Endeavour’s crew were in good hands with Falcon 9.  It is an extremely reliable rocket, with only one in-flight failure across 112 orbital launches of the single-core Falcon 9 since its debut in 2010.  This failure involved an earlier version of the rocket which disintegrated during ascent in 2015 after a composite overwrapped pressure vessel (COPV) broke free inside the second stage oxidiser tank.  A second Falcon 9 was destroyed by an explosion during a pre-launch static fire test in 2016, due to a design flaw which caused the second stage COPVs to buckle and rupture while the rocket was being fueled.

In the unlikely event that something went wrong with launch, Dragon was equipped with a launch abort system to carry the spacecraft and her crew to safety.  This consisted of eight liquid-propellant SuperDraco engines built into the sides of the Dragon capsule.  If the onboard computer sensed an emergency, or the abort system was activated manually, the capsule would separate and the engines would fire to propel it clear of the rocket. 

Dragon had several abort modes: 1a and 1b during first stage flight would have seen Dragon splashdown off the eastern seaboard of the United States.  Abort modes 2a through 2d covered different phases of second stage flight, with landing points on either side of the Atlantic Ocean, while mode 2e would have accounted for a problem at the end of the second stage burn where Dragon could safely reach orbit under its own power.

Launch day operations began with a readiness briefing 5.5 hours before liftoff.  Flight controllers arrived on station half an hour later, and the process of preparing Endeavour for flight commenced with alignment of the spacecraft’s inertial measurement units (IMUs) and pressurisation of its propellant tanks.

The Endeavour atop the Falcon 9 at 39A. (Credit: Thomas Burghardt for NSF)

Following a weather briefing, the crew donned their spacesuits around four hours before the planned liftoff, followed about 40 minutes later by walkout to a waiting fleet of Tesla cars that took them to the launch pad.

Upon their arrival at Launch Complex 39A, Endeavour’s crew took a few moments to view their rocket before boarding the elevator that took them to the crew access level.  Ingressing Endeavour began about 2 hours 35 minutes before liftoff.  Once the crew were in their seats, the seats were rotated into launch position, with the hatch closed 2 hours before launch.

The Crew

The four astronauts flying aboard Crew-2 arrived at the Kennedy Space Center on Friday.  Endeavour’s all-veteran crew is commanded by Shane Kimbrough, making his third trip to space.  Kimbrough, 53, graduated from the US Military Academy and served in the US Army prior to joining NASA.  He rose to the rank of Colonel.  

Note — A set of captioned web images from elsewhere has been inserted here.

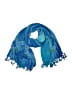 Unbranded Blue Scarf One size - photo 1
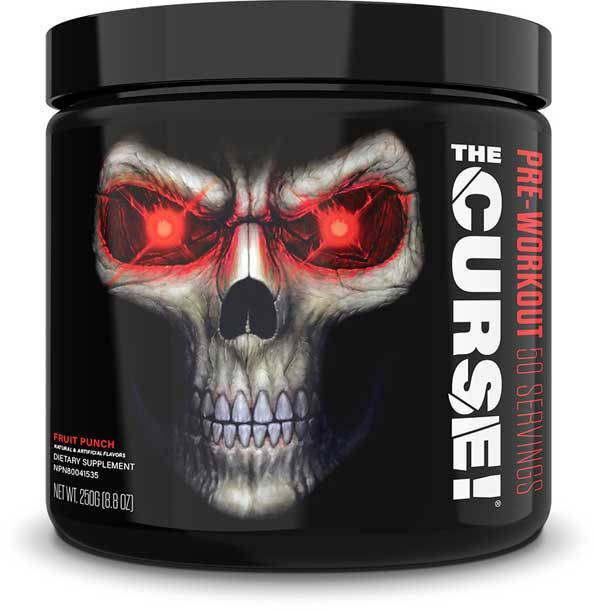 Cobra Labs The Curse! 250g. - fiTT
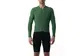 Etxeondo Alde Fietsshirt Lange Mouwen Groen Heren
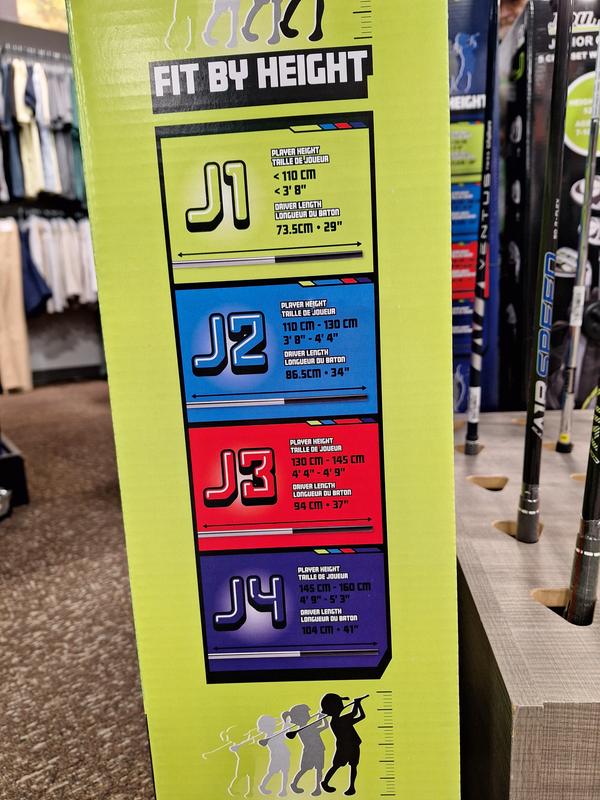 Photo from clubs stocked in St Albert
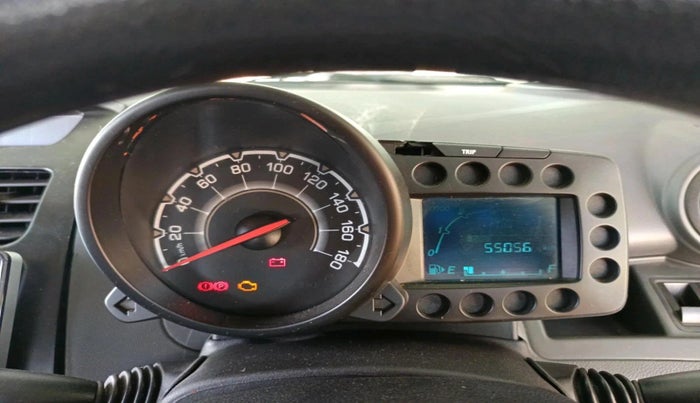 2013 Chevrolet Beat PS PETROL, Petrol, Manual, 55,056 km, interior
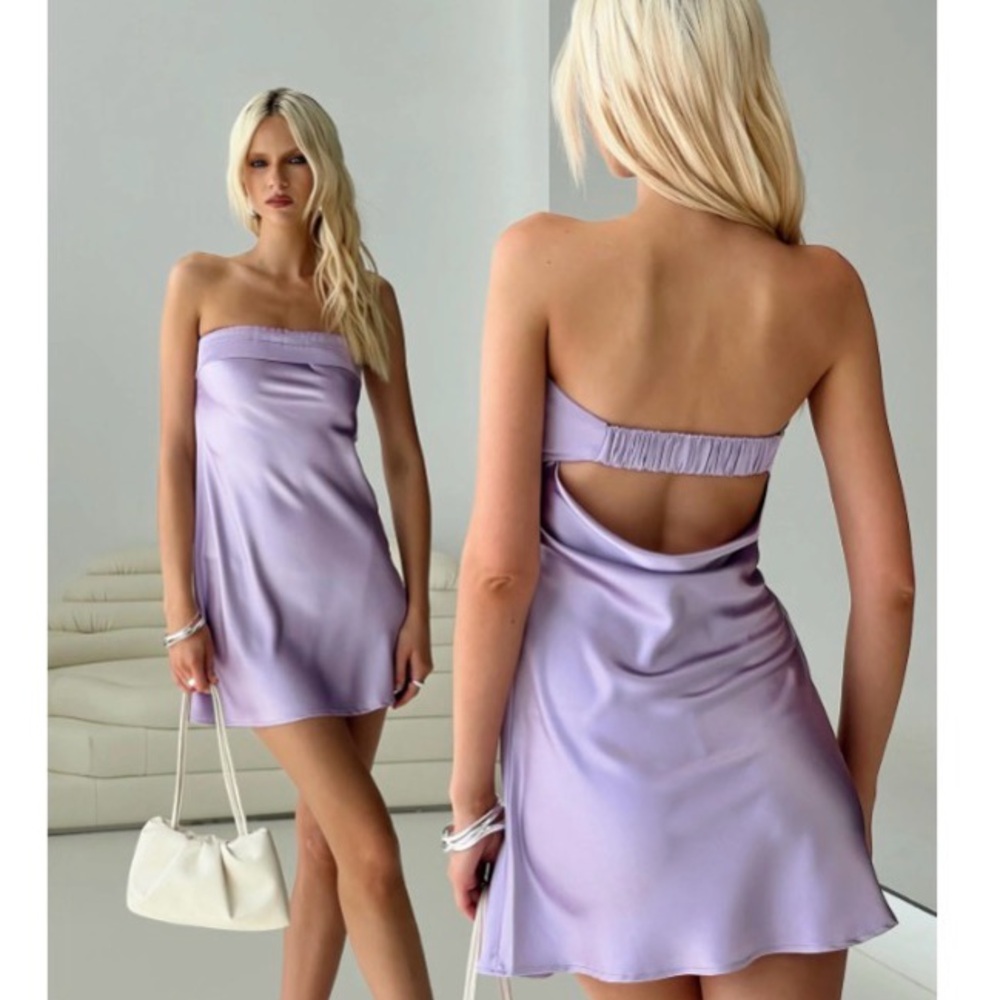 Phillipa Mini Dress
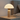 MarbleSphere | Elegant Sculptural Natural Stone Table Lamp for Living Room Lamps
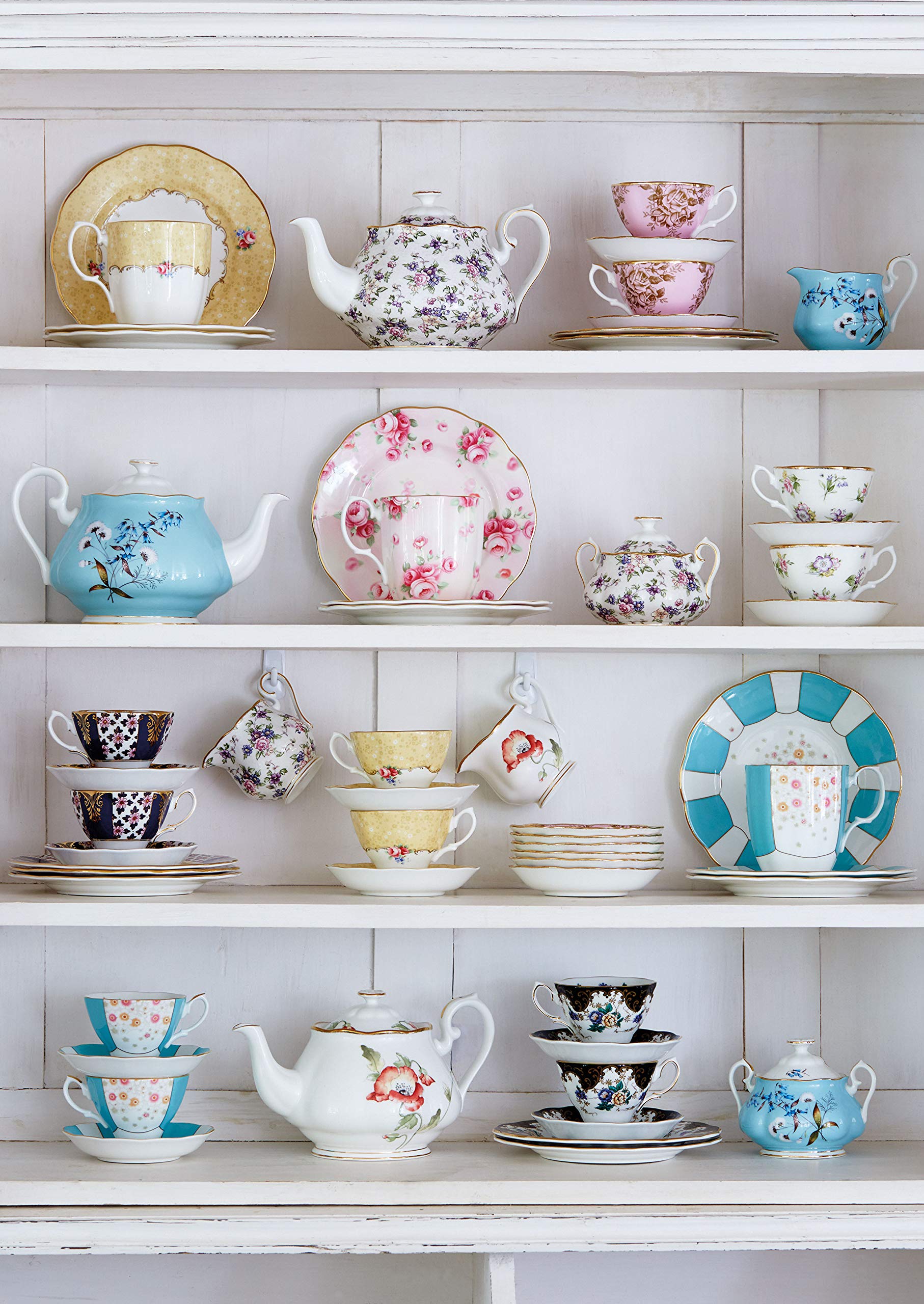 Royal Albert 100 Years 1990 Mug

After initially working in NASA’s aircraft operations division, Kimbrough was selected as an astronaut in 2004.  His first mission was aboard the Space Shuttle Endeavour in 2008 for the STS-126 mission.  During the 16-day flight, Kimbrough made two spacewalks as part of the effort to repair the solar alpha rotary joints (SARJs) of the Station’s truss structure.

Kimbrough’s second mission was a long-duration stay aboard the ISS from September 2016 to April 2017 as part of Expeditions 49 and 50, the latter of which he served as Commander for.  On this mission, Kimbrough travelled to and from the Station aboard the Soyuz MS-02 spacecraft and made a further four spacewalks during his time on the outpost.

For Megan McArthur, 49, Crew-2 will be her second trip to space and her first visit to the International Space Station.  A graduate of the University of California at Los Angeles with a doctorate in Oceanography from the University of California at San Diego, McArthur was selected as an astronaut in 2000.  Her previous flight was aboard the highly-watched mission of the Space Shuttle Atlantis on STS-125: the final Hubble servicing mission, STS-125.  During the 13 day flight, McArthur operated the Shuttle’s robotic arm, including both the capture and release of the Hubble telescope. 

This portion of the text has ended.